BEIRUT -- U.S-allied fighters said they captured Syria's largest oil field from the Islamic State group on Sunday, marking a major advance against the extremists and seizing an area coveted by pro-government forces.
With IS in retreat across Syria and neighboring Iraq, the Kurdish-led Syrian Democratic Forces and the Syrian government have been in a race to secure parts of the oil-rich Deir el-Zour province along the border.
The SDF, with air support from the U.S.-led coalition, said Sunday it captured the Al-Omar field in a "swift and wide military operation." It said some militants have taken cover in oil company houses nearby, where clashes are underway.
The Britain-based Syrian Observatory for Human Rights said pro-government forces retreated from the area around Al-Omar field after coming under heavy fire from IS. The SDF said government forces are three kilometers (two miles) away from the fields.
Syrian troops, backed by Russian warplanes and Iranian-sponsored militias, have retaken nearly all of the provincial capital of Deir el-Zour, as well as the town of Mayadeen, which is across the Euphrates River from the Al-Omar field.

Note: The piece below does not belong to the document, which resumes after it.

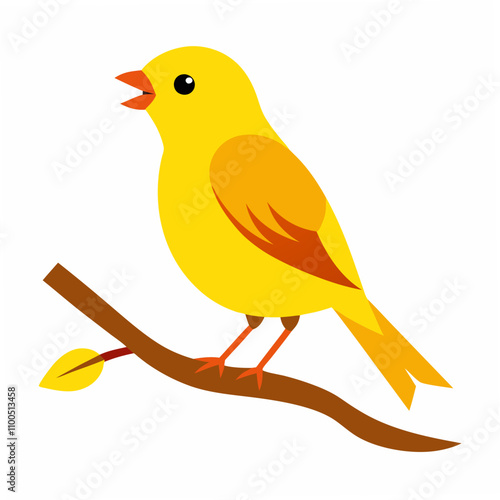 A bright yellow canary bird singing melodiously while perched on a tree branch, radiating joy and nature's harmony.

The SDF have focused their operations on the eastern side of the river, and have already seized a major natural gas field and other smaller oil fields.
Omar Abu Layla, a Europe-based activist from Deir el-Zour who monitors the fighting through contacts there, said SDF forces have entered the field but are still clashing with militants in the adjacent houses.
IS captured Al-Omar in 2014, when the group swept across large areas in Syria and neighboring Iraq. The field was estimated to produce around 9,000 barrels a day, making it a key source of revenue for the extremists. Its current potential is unknown, following a series of strikes on IS-held oil facilities by the U.S.-led coalition.
The government lost the al-Omar field to other insurgents in 2013.
Al-Manar TV, operated by Lebanon's Hezbollah, said the fight for Al-Omar was still underway and denied the SDF's claim to have captured it. The militant group is fighting alongside Syrian President Bashar Assad's forces.
IS has suffered a series of major setbacks in recent months, including the loss of the Syrian city of Raqqa, once the extremists' self-styled capital, and the Iraqi city of Mosul. Most of the territory the group once held has been seized by an array of Syrian and Iraqi forces.